►

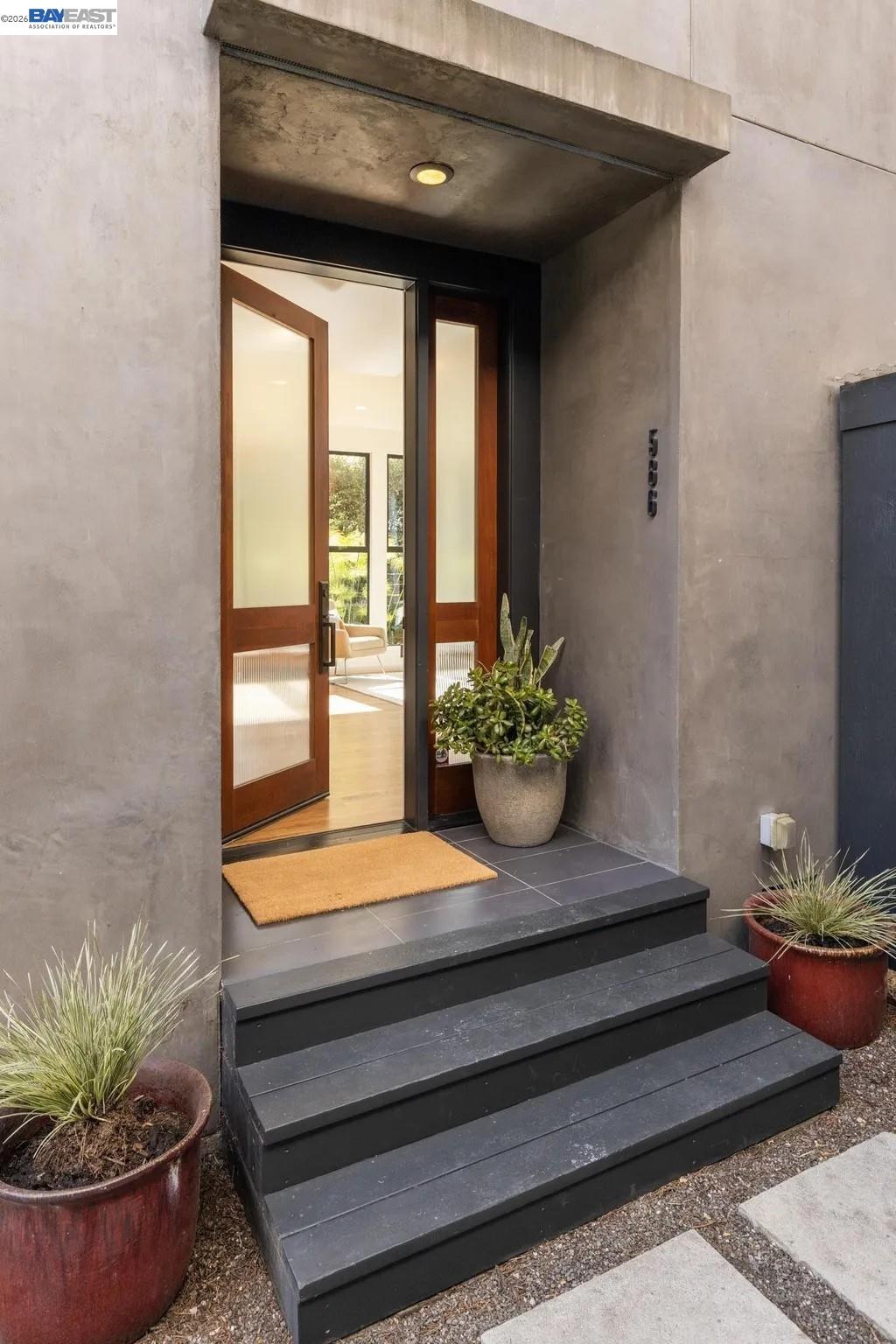 313 Spruce Street Alameda, CA 94501 - Photo 2 of 12 a bathroom with a potted plant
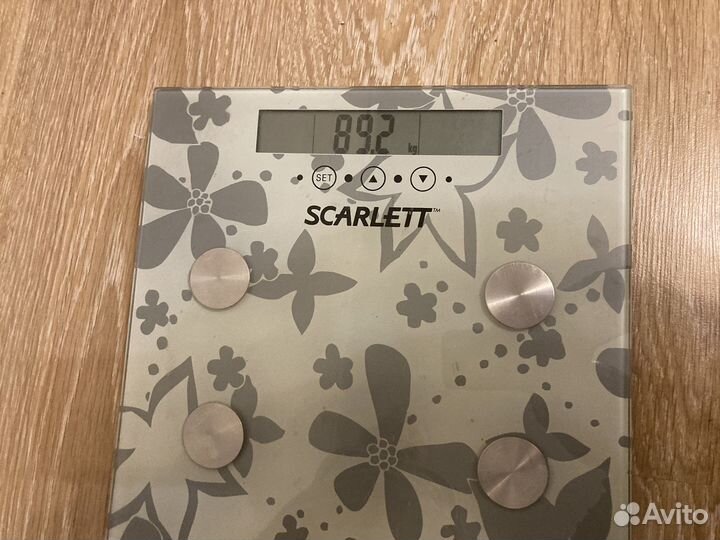 Весы напольные Scarlett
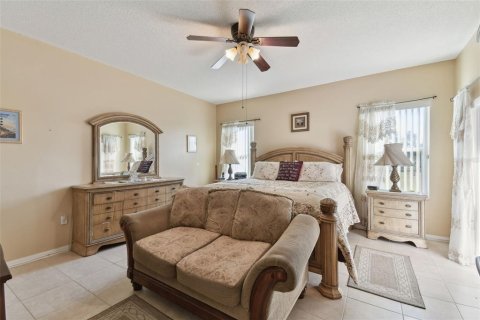 House in Kissimmee, Florida 5 bedrooms, 269.23 sq.m. № 1519549 - photo 8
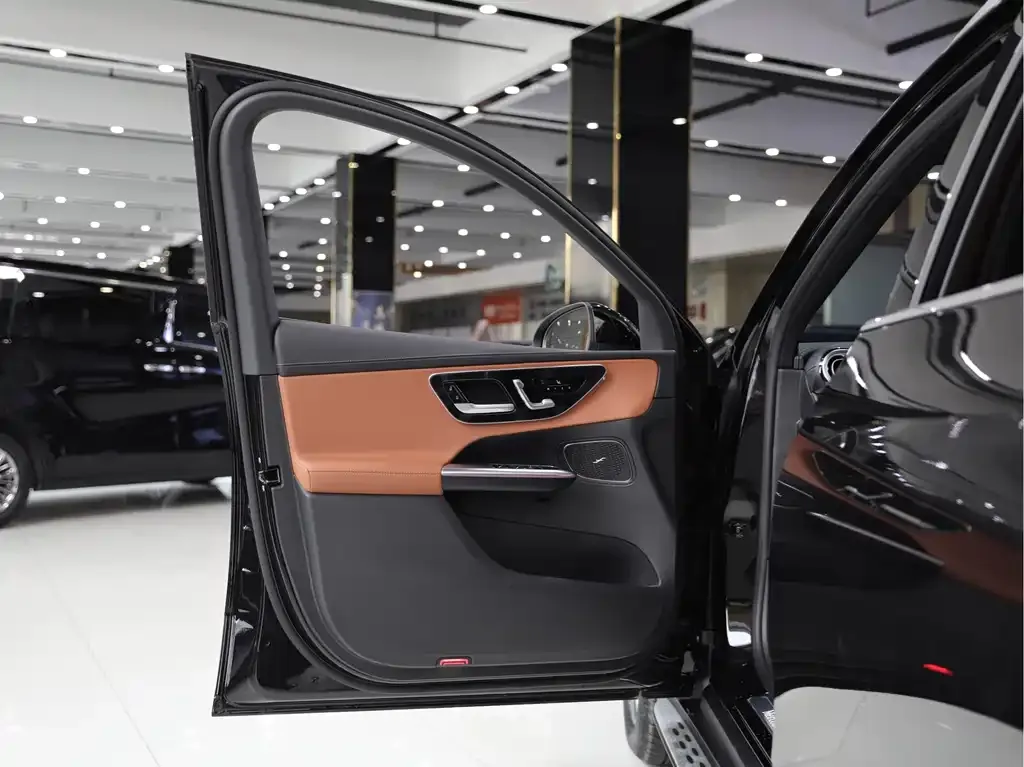 Mercedes-Benz GLC — фото 8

◄

* Assigned task *
A verbatim copy of the data, with all pictures omitted, is the required output.

* Solution *
 313 Spruce Street Alameda, CA 94501 - Photo 2 of 12 a bathroom with a potted plant
 Весы напольные Scarlett
 House in Kissimmee, Florida 5 bedrooms, 269.23 sq.m. № 1519549 - photo 8
 Mercedes-Benz GLC — фото 8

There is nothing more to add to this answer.